Поднимает настроение на раз. Прямо как бальзам на мою израненную его предательством душонку.
– Смешно тебе? – надвигается на меня он, отфыркиваясь и вытирая лицо полотенцем.
Он так внезапно оказывается рядом, что я не успеваю сориентироваться.
Придвигает меня к столешнице. Упирает руки в ее края и нависает сверху своей мышечной массой. Свирепое лицо склоняется надо мной. Губы сжаты в тонкую полоску, а взгляд испепеляет.
– Не сжимай челюсти, Баров, сотрешь зубы в порошок, – елейным голоском советую, стараясь не показывать, что он застиг меня врасплох.

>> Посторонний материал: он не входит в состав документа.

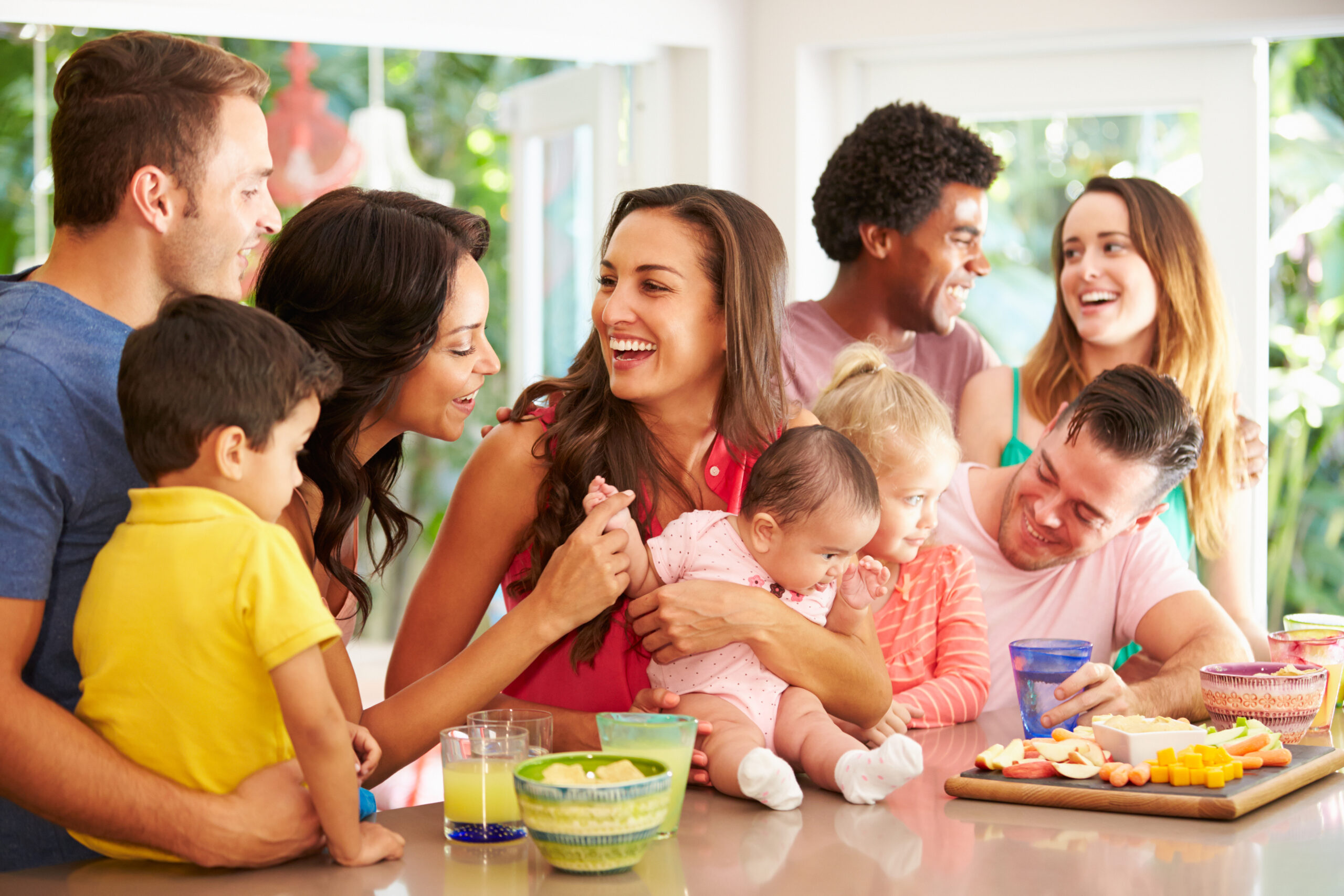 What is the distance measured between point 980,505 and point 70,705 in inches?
66.1

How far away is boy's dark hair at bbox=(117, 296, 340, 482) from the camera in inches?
49.4

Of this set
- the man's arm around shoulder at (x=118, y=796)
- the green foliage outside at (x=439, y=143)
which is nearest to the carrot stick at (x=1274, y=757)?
the man's arm around shoulder at (x=118, y=796)

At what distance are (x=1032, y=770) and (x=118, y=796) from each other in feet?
3.52

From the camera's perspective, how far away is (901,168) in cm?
315

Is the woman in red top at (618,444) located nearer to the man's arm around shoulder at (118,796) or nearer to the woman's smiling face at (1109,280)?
the man's arm around shoulder at (118,796)

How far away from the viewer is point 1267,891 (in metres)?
1.28

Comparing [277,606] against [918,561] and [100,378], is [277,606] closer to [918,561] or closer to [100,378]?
[100,378]

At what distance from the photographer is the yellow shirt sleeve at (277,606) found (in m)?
1.18

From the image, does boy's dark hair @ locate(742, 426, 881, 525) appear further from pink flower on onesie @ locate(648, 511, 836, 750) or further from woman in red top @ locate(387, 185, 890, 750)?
woman in red top @ locate(387, 185, 890, 750)

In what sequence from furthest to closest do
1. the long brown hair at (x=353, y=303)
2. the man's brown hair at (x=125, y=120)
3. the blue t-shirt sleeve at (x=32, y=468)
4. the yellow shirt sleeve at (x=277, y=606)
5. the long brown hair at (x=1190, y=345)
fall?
the long brown hair at (x=1190, y=345), the long brown hair at (x=353, y=303), the man's brown hair at (x=125, y=120), the blue t-shirt sleeve at (x=32, y=468), the yellow shirt sleeve at (x=277, y=606)

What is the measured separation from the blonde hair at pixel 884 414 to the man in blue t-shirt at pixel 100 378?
1013 millimetres

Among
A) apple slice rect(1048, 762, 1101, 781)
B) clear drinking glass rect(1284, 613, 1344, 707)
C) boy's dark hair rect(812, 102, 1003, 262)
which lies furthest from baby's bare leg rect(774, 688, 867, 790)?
boy's dark hair rect(812, 102, 1003, 262)

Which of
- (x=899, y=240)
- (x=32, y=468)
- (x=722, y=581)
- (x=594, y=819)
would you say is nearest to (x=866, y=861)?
(x=594, y=819)

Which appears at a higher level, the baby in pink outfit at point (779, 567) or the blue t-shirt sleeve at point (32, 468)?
the blue t-shirt sleeve at point (32, 468) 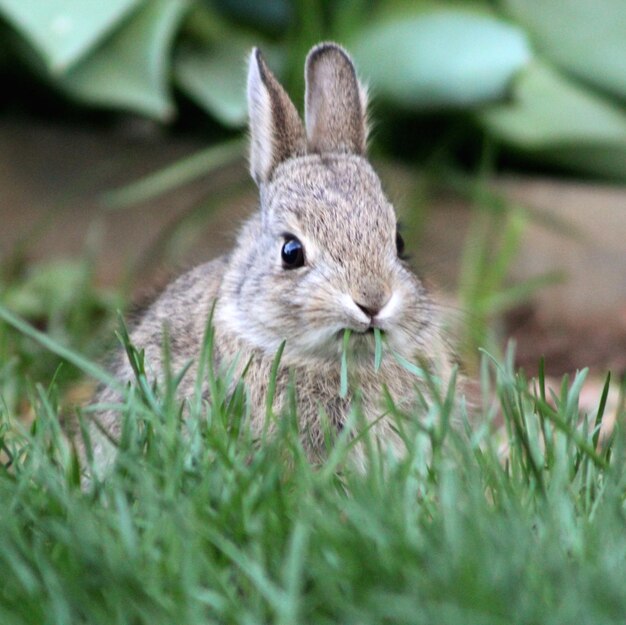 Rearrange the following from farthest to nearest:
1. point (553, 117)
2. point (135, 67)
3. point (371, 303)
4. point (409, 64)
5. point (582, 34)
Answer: point (582, 34), point (553, 117), point (409, 64), point (135, 67), point (371, 303)

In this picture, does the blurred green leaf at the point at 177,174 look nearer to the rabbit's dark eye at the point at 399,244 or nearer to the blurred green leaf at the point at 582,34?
the blurred green leaf at the point at 582,34

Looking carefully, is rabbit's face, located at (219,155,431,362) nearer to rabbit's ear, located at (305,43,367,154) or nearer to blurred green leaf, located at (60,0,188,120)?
rabbit's ear, located at (305,43,367,154)

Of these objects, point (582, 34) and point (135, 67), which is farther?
point (582, 34)

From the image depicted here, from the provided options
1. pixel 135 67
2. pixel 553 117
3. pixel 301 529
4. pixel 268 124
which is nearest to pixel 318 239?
pixel 268 124

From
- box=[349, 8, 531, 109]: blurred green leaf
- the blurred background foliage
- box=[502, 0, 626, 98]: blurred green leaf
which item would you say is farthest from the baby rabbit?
box=[502, 0, 626, 98]: blurred green leaf

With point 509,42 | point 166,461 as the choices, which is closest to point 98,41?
point 509,42

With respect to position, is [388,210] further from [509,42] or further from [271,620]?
[509,42]

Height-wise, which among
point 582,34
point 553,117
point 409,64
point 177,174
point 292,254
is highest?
point 582,34

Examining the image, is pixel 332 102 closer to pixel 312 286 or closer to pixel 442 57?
pixel 312 286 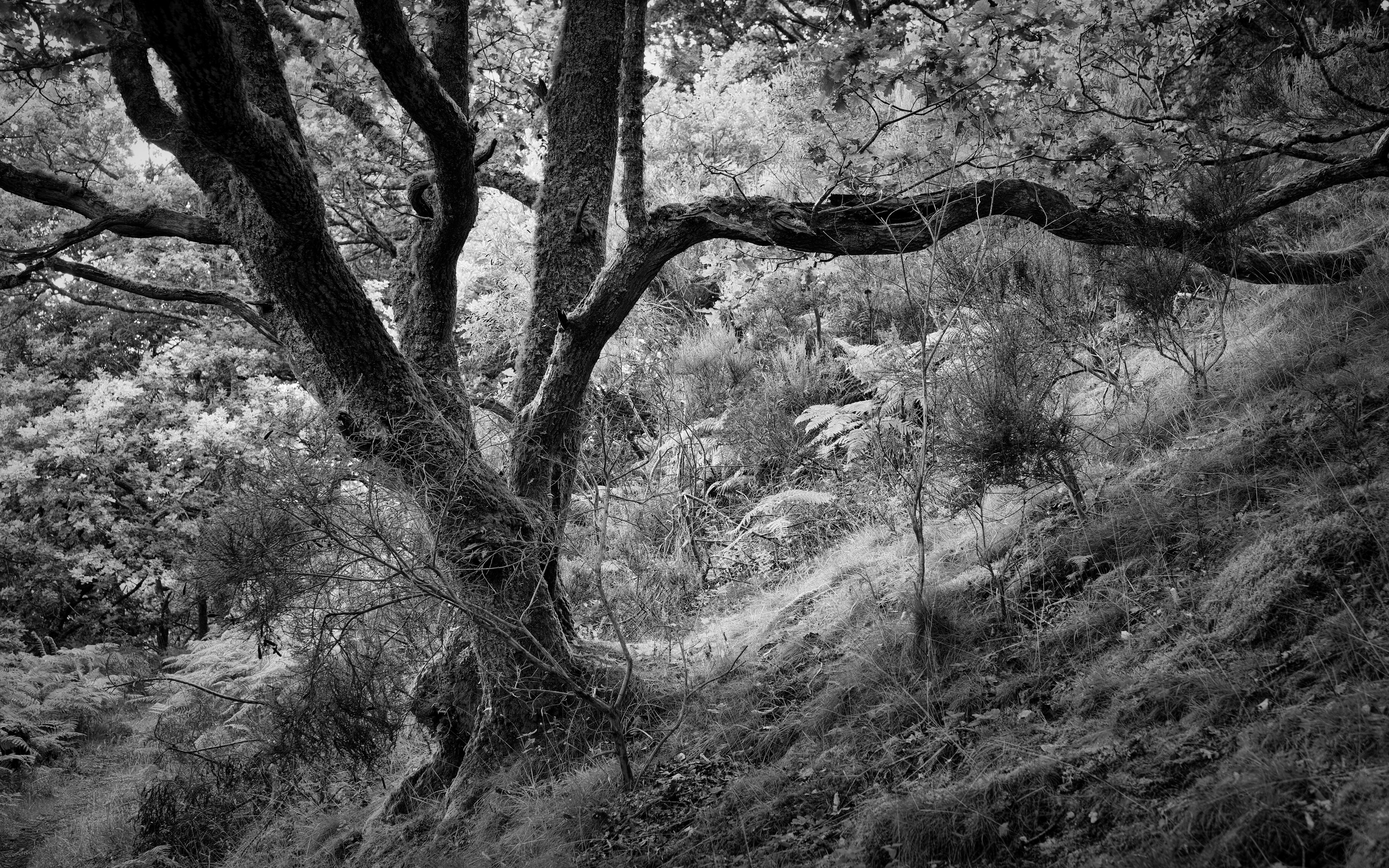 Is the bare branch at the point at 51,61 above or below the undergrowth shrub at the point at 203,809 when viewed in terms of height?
above

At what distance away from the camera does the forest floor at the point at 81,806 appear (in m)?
5.51

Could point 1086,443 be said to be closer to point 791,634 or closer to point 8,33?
point 791,634

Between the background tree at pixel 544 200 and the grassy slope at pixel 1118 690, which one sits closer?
the grassy slope at pixel 1118 690

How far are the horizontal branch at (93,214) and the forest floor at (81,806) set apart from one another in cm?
380

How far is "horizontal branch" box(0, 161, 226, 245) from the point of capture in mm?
4652

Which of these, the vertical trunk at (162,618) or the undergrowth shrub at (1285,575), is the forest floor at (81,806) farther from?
the undergrowth shrub at (1285,575)

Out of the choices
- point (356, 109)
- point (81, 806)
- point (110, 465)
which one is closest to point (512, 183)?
point (356, 109)

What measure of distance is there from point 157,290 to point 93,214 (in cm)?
51

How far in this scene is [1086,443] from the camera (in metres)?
4.52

– Очень умная, да? – вцепляется пальцами в мой подбородок, подтягивая его наверх.
Атмосфера сгущается,
Мысли напрочь улетают из головы от близости Барова. Нервно сглотнув, пытаюсь избавиться от наваждения. Ответить новой колкостью, оттолкнуть его, физически воспрепятствовать. Но не могу. Это сильнее меня.
Да и ведь потом от него будет вонять луком.
Надо ловить момент. Нелепое оправдание, Исаева…
Последняя здравая мысль, перед тем как его губы вжимаются в мои. Удар молнии, не иначе.
Меня прошибает электричеством, шарашит по полной, бьет в солнечное сплетение. Самообладание летит к чертям. И я кидаюсь в этот поцелуй, как в омут с головой.
Жадные, голодные поцелуи, болезненное узнавание того, как может быть только с ним, только с ним одним. Жаркое дыхание и лишь ему присущий вкус. Целуемся как одержимые. Как будто сегодня последний день на Земле.
А мы – единственные люди на ней, ответственные за продолжение человеческого рода.
Черт, я скучала.
Бешеный напор сменяются неторопливой нежностью, язык Барова лениво гладит мои губы, уже не толкаясь во влажную глубину.
Я словно пьяная, держусь на последней ниточке, боясь упасть с обрыва в пропасть, полететь туда и погибнуть, разбившись с позором.
Кто я после того, как позволила случиться этому поцелую?
Слабачка. Поплыла, как желе. Дура!
Мне нужно срочно сказать какую-то гадость, чтобы испортить момент и разорвать это чертово притяжение между нами…
– Еще раз поцелуешь, приду к тебе ночью и прикончу! – сощурившись, выдаю, когда он отрывается от моих губ и смотрит в упор с победным блеском в глазах.
Баров будто был готов к чему-то подобному.
Спокойно отпускает меня и отходит на расстояние к холодильнику.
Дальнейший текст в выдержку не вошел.